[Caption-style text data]
────────────────

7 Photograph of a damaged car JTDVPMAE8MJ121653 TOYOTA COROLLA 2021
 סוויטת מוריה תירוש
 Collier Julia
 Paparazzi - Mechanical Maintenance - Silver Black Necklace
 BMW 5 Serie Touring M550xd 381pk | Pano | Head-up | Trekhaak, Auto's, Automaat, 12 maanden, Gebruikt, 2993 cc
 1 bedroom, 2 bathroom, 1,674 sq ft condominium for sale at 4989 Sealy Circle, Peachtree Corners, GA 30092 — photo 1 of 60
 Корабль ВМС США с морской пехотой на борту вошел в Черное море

────────────────

[Action item] Every record shown above should be written out again exactly.

[Exercise result]
7 Photograph of a damaged car JTDVPMAE8MJ121653 TOYOTA COROLLA 2021
 סוויטת מוריה תירוש
 Collier Julia
 Paparazzi - Mechanical Maintenance - Silver Black Necklace
 BMW 5 Serie Touring M550xd 381pk | Pano | Head-up | Trekhaak, Auto's, Automaat, 12 maanden, Gebruikt, 2993 cc
 1 bedroom, 2 bathroom, 1,674 sq ft condominium for sale at 4989 Sealy Circle, Peachtree Corners, GA 30092 — photo 1 of 60
 Корабль ВМС США с морской пехотой на борту вошел в Черное море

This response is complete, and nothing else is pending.